# At night/ at the night



## moseen

Hello every body!
In the sentence below, why doesn't "at night" have "the" as "at the night"?
_Why does Melania Trump wear sunglasses at night?
Reference: Why does Melania Trump wear sunglasses at night?.

Or also in "'it's not safe to travel at night,' the officer said. " _


----------



## Copyright

Because we say "at night," rather than "at the night" – in the morning, at noon, in the afternoon, in the evening, at night, at midnight.


----------



## moseen

Copyright said:


> Because we say "at night," rather than "at the night" – in the morning, at noon, in the afternoon, in the evening, at night, at midnight.


isn't it because of "night" is uncountable?


----------



## Copyright

Night is definitely countable: _
"How many nights this week have you been out until three in the morning?"
"Five nights – but that's because I had the flu two nights."_


----------



## moseen

Copyright said:


> Night is definitely countable:
> _"How many nights this week have you been out until three in the morning?"
> "Five nights – but that's because I had the flu two nights."_


I mean "night" can be countable or uncountable. in your sample "night" is countable definitely but in my sample I think it is uncountable.


----------



## VicNicSor

Night can be countable or uncountable. In this case, when "at night" refers to a habit, what happens regularly, i.e. -- many nights -- I think "night" is uncountable.

x-posted with #5


----------



## Copyright

I can't answer that – I can only tell you what we say. Perhaps someone else can contribute.


----------



## moseen

VicNicSor said:


> Night can be countable or uncountable. In this case, when "at night" refers to a habit, what happens regularly, i.e. -- many nights -- I think "night" is uncountable.
> 
> x-posted with #5


Thank you very much. You mean doesn't "at night" have "the" because it is uncountable?


Copyright said:


> I can't answer that – I can only tell you what we say. Perhaps someone else can contribute.
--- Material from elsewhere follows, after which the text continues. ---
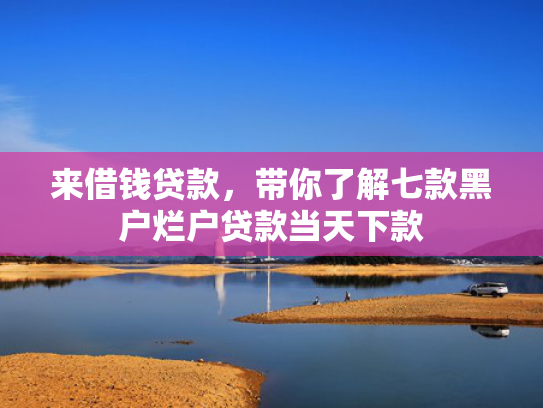 来借钱贷款，带你了解七款黑户烂户贷款当天下款
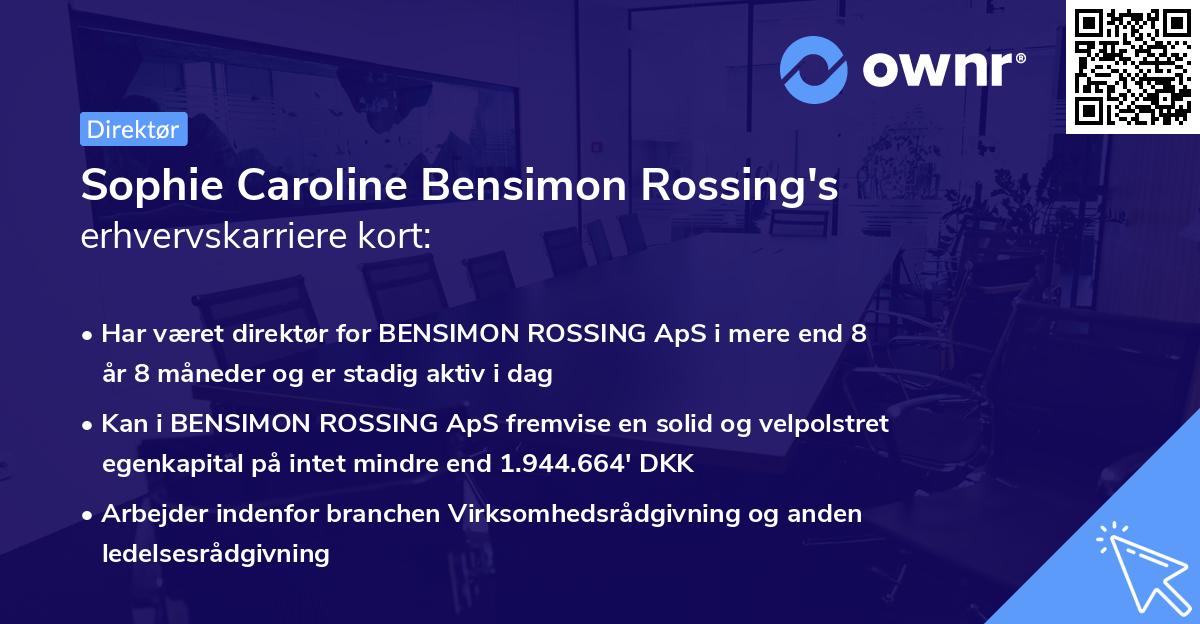 Sophie Caroline Bensimon Rossing's erhvervskarriere kort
Thank you very much, Copyright.


----------



## entangledbank

'Night' is in some sense uncountable in this sense, but 'generic' might be a better way of putting it. It's not referring to one specific night, or several, but to night or nights generally. However, this doesn't explain the grammar of 'at night', since similarly generic expressions can have 'the' or plural: at nights, during the night, in the evening, in the evenings, etc.


----------



## moseen

entangledbank said:


> 'Night' is in some sense uncountable in this sense, but 'generic' might be a better way of putting it. It's not referring to one specific night, or several, but to night or nights generally. However, this doesn't explain the grammar of 'at night', since similarly generic expressions can have 'the' or plural: at nights, during the night, in the evening, in the evenings, etc.


Doesn't it any grammatical reason?


----------



## Copyright

From the British Council ... English grammar, times and dates:

Note: We say *at night* when we are talking about *all of the night*:


_When there is no moon it is very dark *at night*.
He sleeps during the day and works *at night*._


but we say *in the night *when we are talking about a *short time *during the night:


_He woke up twice *in the night*.
I heard a funny noise *in the night*._


----------



## PaulQ

At night = at nighttime - nighttime in this sense is uncountable.

(Please note that the addition of "the" is pointless when considering uncountable nouns - uncountable nouns can be qualified by "the": the advice; the jewellery; the milk, etc.)

At night; by train; through time; with confidence; etc., etc. are prepositional phrases in which the object of the preposition is uncountable.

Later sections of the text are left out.